## Exercise
Copy task, pictures excluded: set down exactly the lines from the one containing "Immagine 25 di" to the end of the data below.

Image-text web data:
+ + + + + + +

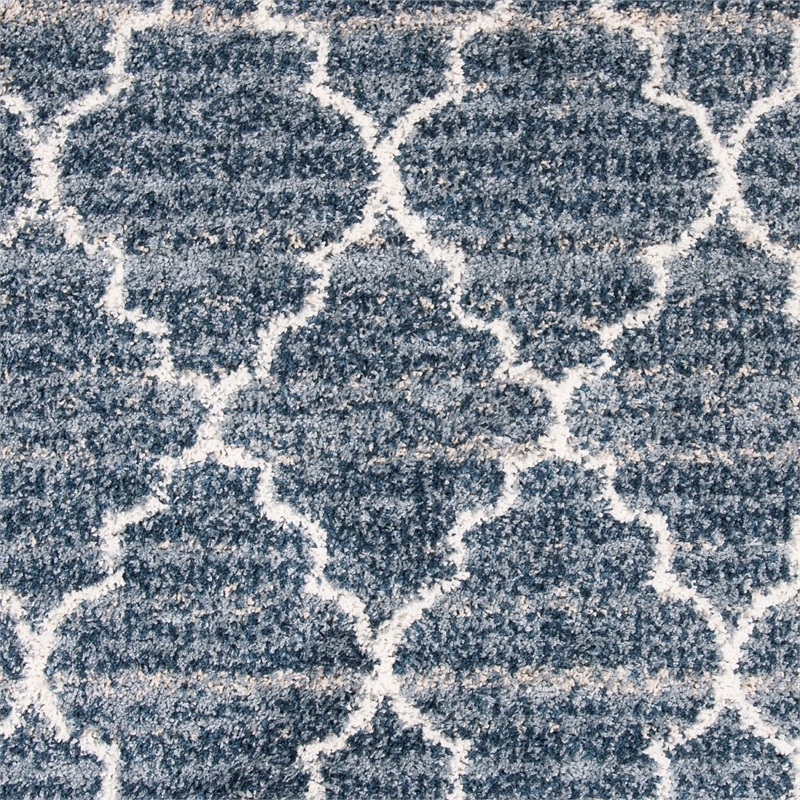 Safavieh Melrose 6'7
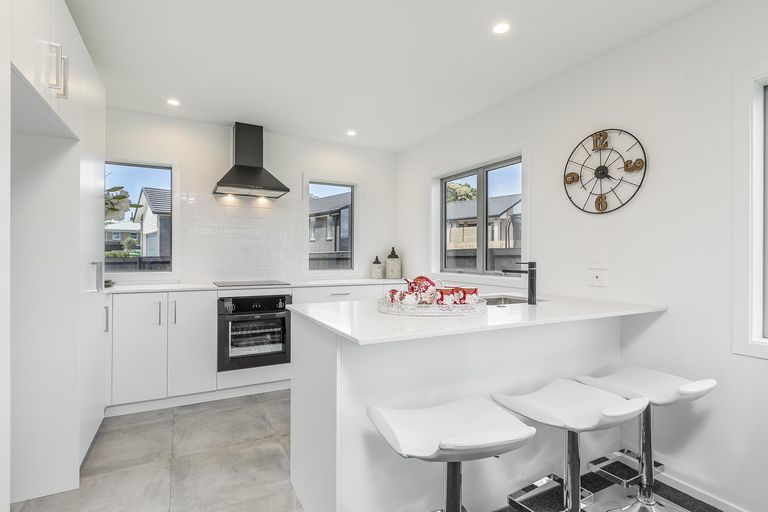 Photo of property in 46d Church Street, Tuakau, 2121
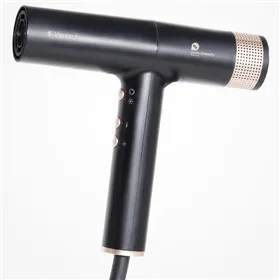 Perfect Beauty Secador Profesional Versa Dry 6 en 1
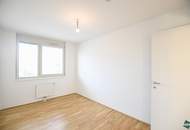 Familienfreundliche 4-Zimmer-Wohnung nahe 29A Bushaltestelle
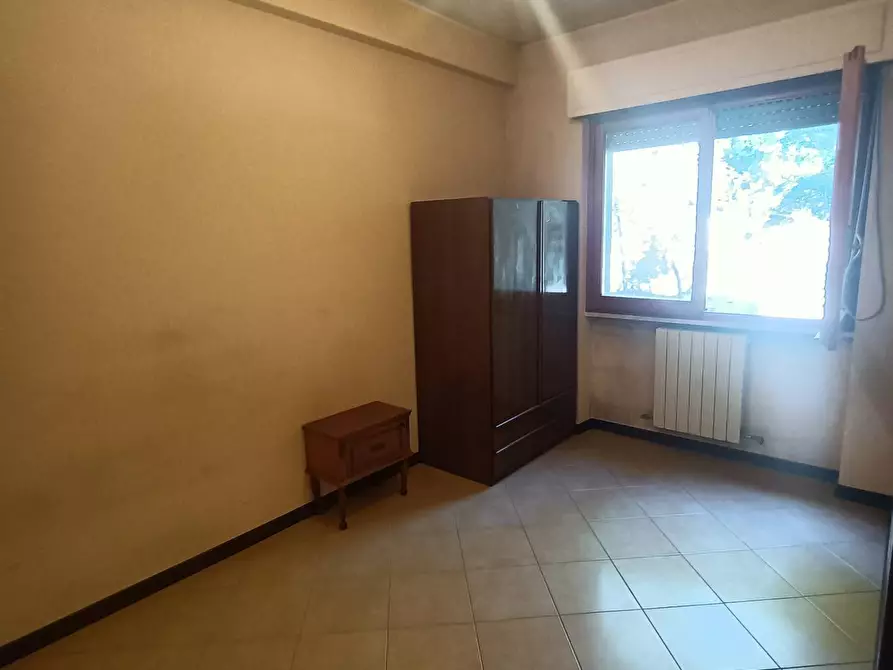 Immagine 25 di Appartamento in vendita  in Via Bafile 51 a Teramo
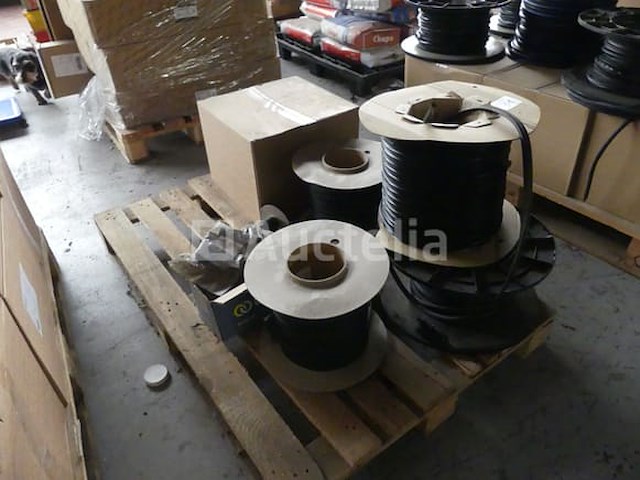 Verbindingen voor schuco aluminium frames - afbeelding 4 van  8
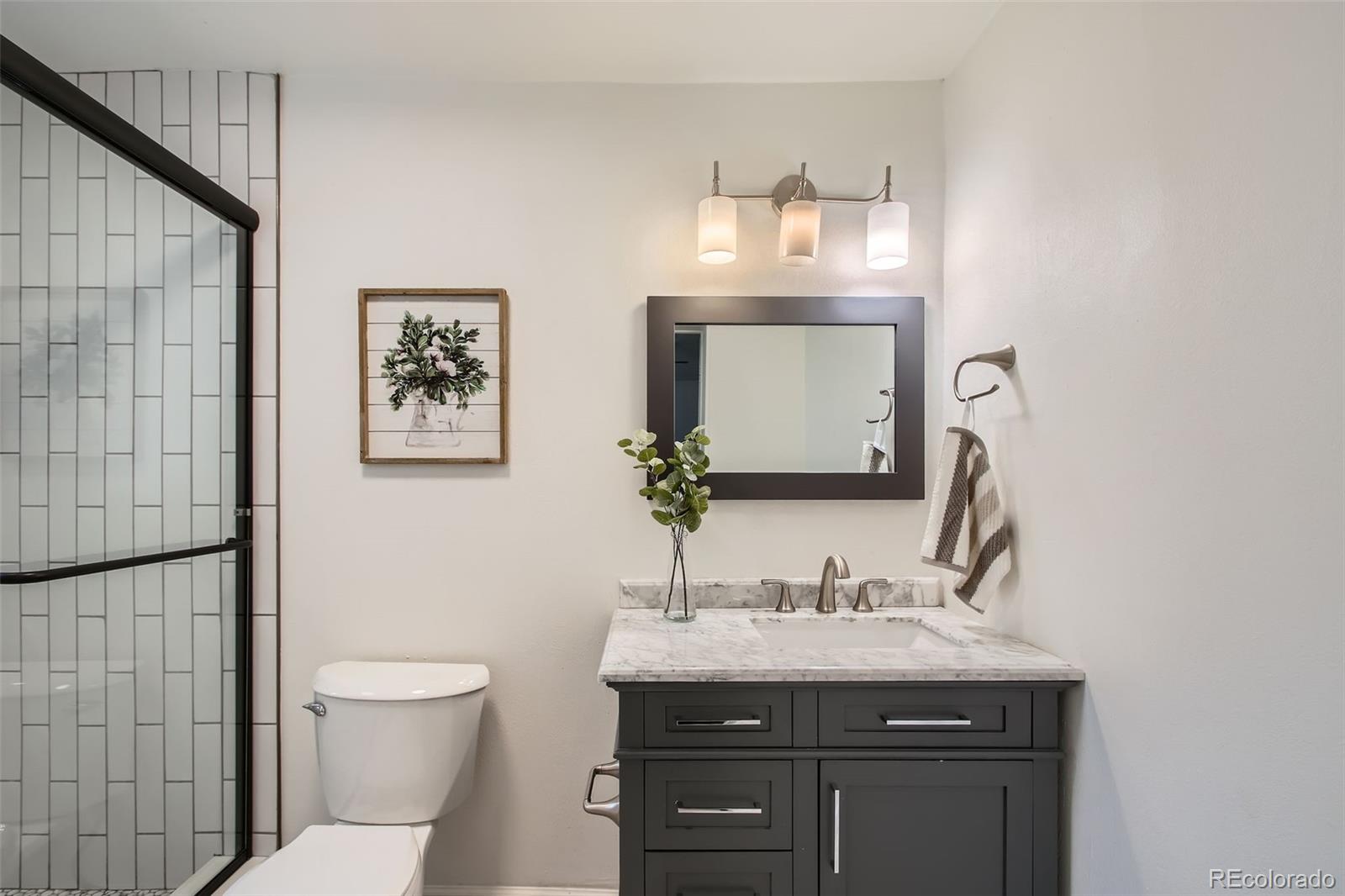 MLS Image #31 for 5563  newland way,arvada, Colorado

+ + + + + + +

## Output for this task
 Immagine 25 di Appartamento in vendita  in Via Bafile 51 a Teramo
 Verbindingen voor schuco aluminium frames - afbeelding 4 van  8
 MLS Image #31 for 5563  newland way,arvada, Colorado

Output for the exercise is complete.